**Requirement**. What you return should be only the lines starting at the one that contains "Pato Quac - Brinquedo" and running to the end of the listing, exactly as written, minus any pictures.

**Information provided**.
——
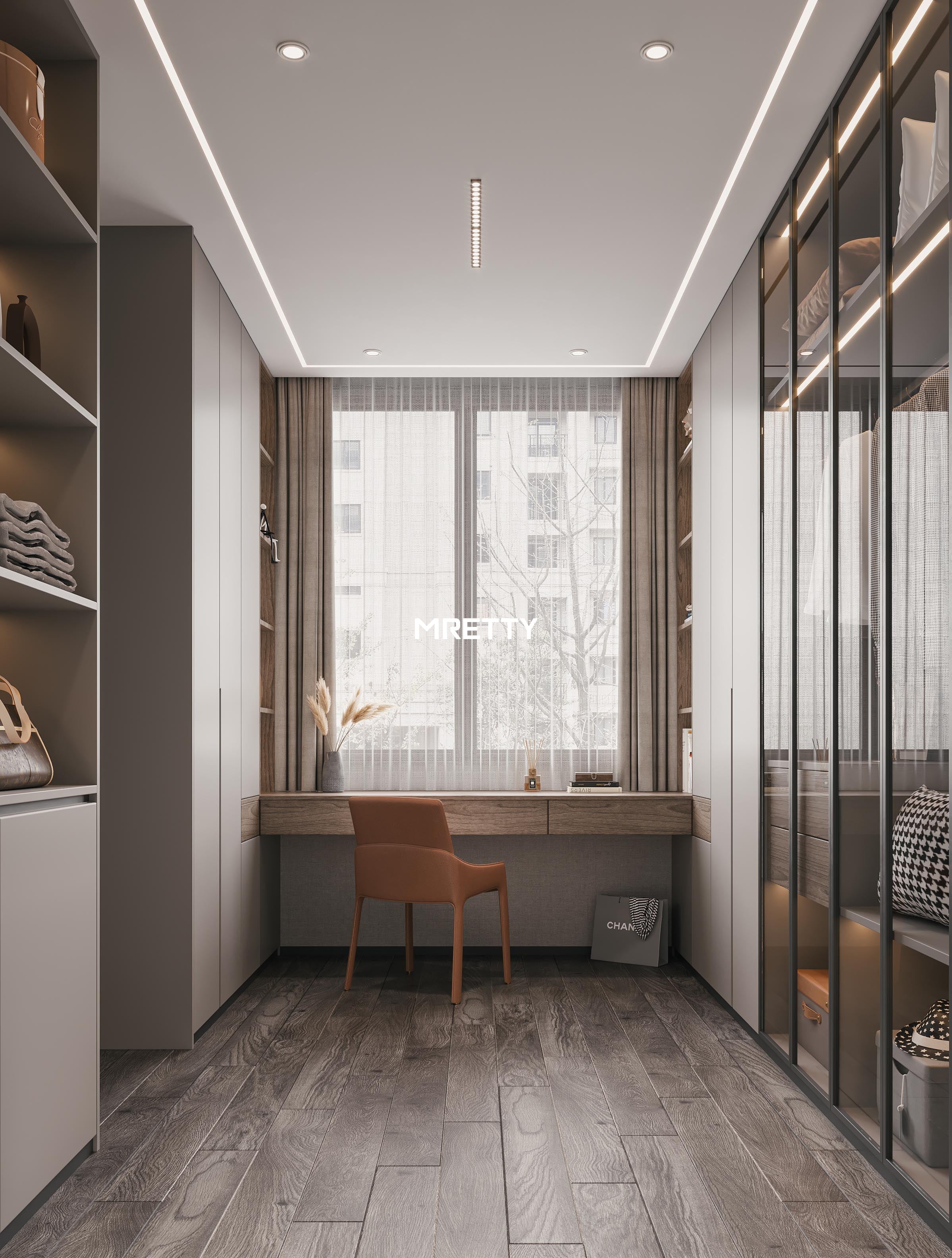 The Art of Concealment: MRETTY Built-in Wardrobe Aesthetic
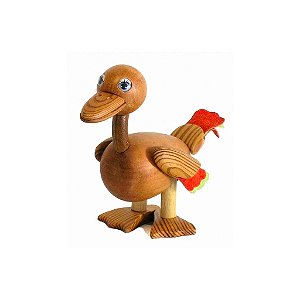 Pato Quac - Brinquedo de madeira articulado - Gamar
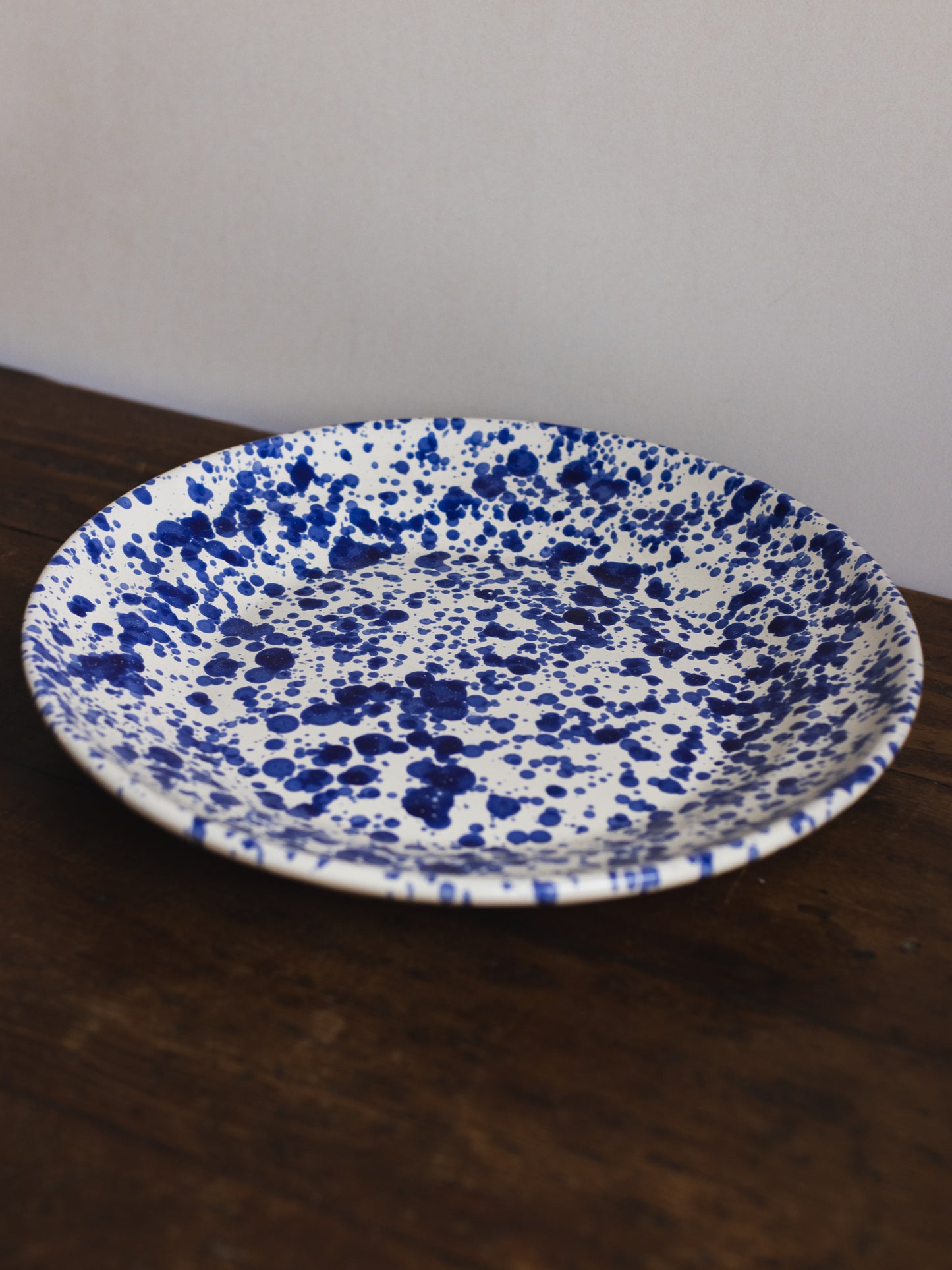 Ceramic Splatter Dinner Plate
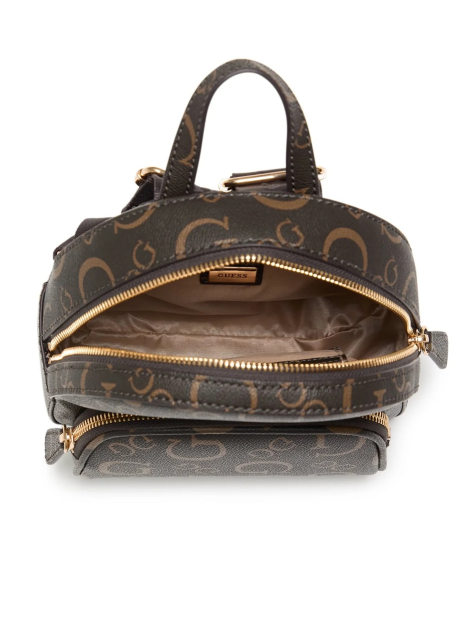 Женский рюкзак Eldoria GUESS с логотипом 1159845510 (Коричневый One Size)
——
**Worked solution**.
 Pato Quac - Brinquedo de madeira articulado - Gamar
 Ceramic Splatter Dinner Plate
 Женский рюкзак Eldoria GUESS с логотипом 1159845510 (Коричневый One Size)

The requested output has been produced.